Recognize the left side as the derivative of \((x-2)y\):\[ \frac{d}{dx}((x-2)y) = 3x^2 + 2x\] Integrate both sides with respect to \(x\):\[(x-2)y = \int (3x^2 + 2x)\, dx\].

Solve the integration

Perform the integration:\[\int (3x^2 + 2x)\, dx = x^3 + x^2 + C\]where \(C\) is the constant of integration.

Solve for \(y\)

Express \(y\) in terms of \(x\):\[y = \frac{x^3 + x^2 + C}{x-2}\].This is the general solution to the differential equation.

Key concepts

Standard form of differential equations

First-order linear differential equations are a foundational element in calculus. They appear in the form of \[ a(x) y' + b(x) y = c(x) \]where:

• \(a(x)\) is a function of \(x\). In our exercise, this is \(x-2\).
• \(b(x)\) is another function of \(x\), here it is simply \(1\).
• \(c(x)\) is a function representing the "right-hand side" of the equation, such as \(3x^2 + 2x\).

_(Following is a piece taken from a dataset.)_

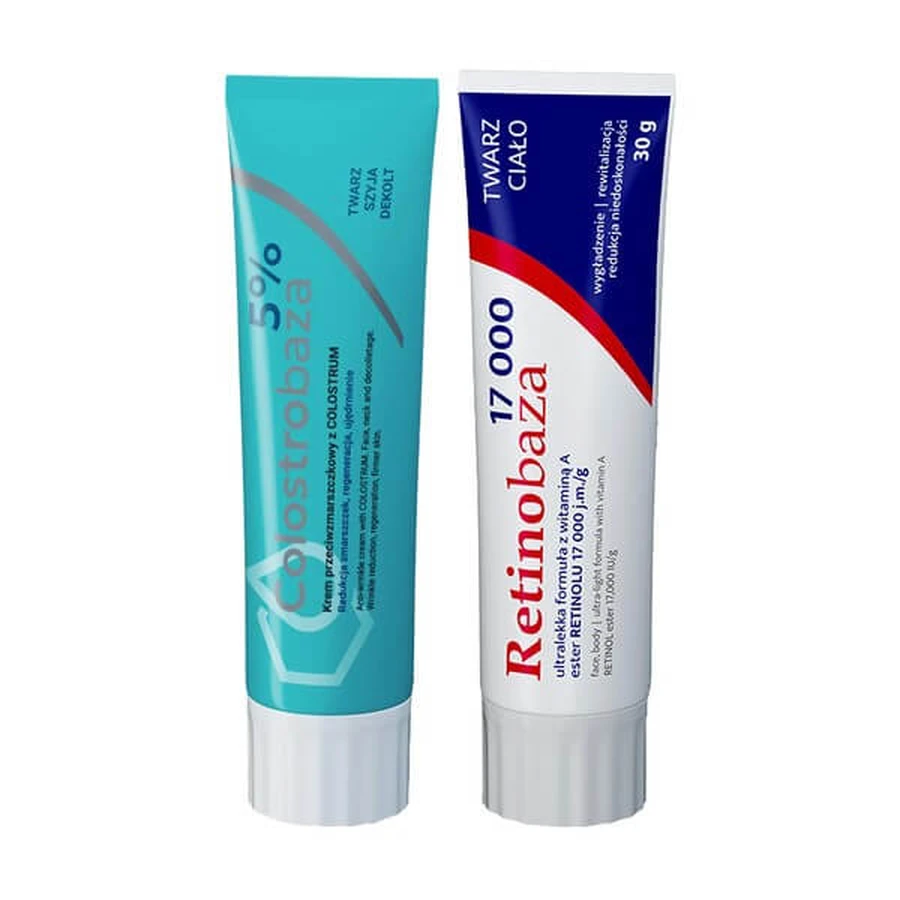 Set Colostrobase 5%, Anti-Falten-Creme mit Colostrum, 30 g + Retinobase 17000, pharmazeutische Vitamin-A-Creme, 30 g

The goal is to rewrite any given differential equation into this standard form. To do so, first recognize the roles of each function involved and second, perform simple algebraic manipulations like division or multiplication. Thiswill help create a clear path for applying methods to find solutions.

Integrating factor method

The integrating factor method simplifies solving first-order linear differential equations. Once an equation is in standard form, finding the integrating factor \(\mu(x)\) is the next step. This factor helps transform the differential equation into an easily integrable form.
Calculate the integrating factor using the formula:\[ \mu(x) = e^{\int \frac{b(x)}{a(x)} \, dx} \] In this exercise, \(b(x) = 1\) and \(a(x) = x-2\) giving us:\[ \mu(x) = e^{\int \frac{1}{x-2} \, dx} = e^{\ln|x-2|} = |x-2| \] Since it is given \(x>2\), we simplify it to \(x-2\).
The next step is multiplying the entire original equation by this factor, turning it into a straightforward equation where the left side becomes the derivative of another function, making the equation integrable with respect to \(x\).

General solution of differential equations

The general solution of a differential equation includes all possible particular solutions with an arbitrary constant of integration. For our example, after simplifying using the integrating factor, we reach an equation of the form:\[ \frac{d}{dx}((x-2)y) = 3x^2 + 2x \] Solving this requires integrating both sides with respect to \(x\).
Once integrated, it becomes:\[ (x-2)y = \int (3x^2 + 2x)\, dx = x^3 + x^2 + C \]Finally, isolate \(y\) to express the solution:\[ y = \frac{x^3 + x^2 + C}{x-2} \]This gives us the general solution, where:

• \(C\) is an arbitrary constant that accounts for the family of solutions satisfying the differential equation.

The provided solution is general because it encompasses all values of \(C\), demonstrating the flexibility of solutions.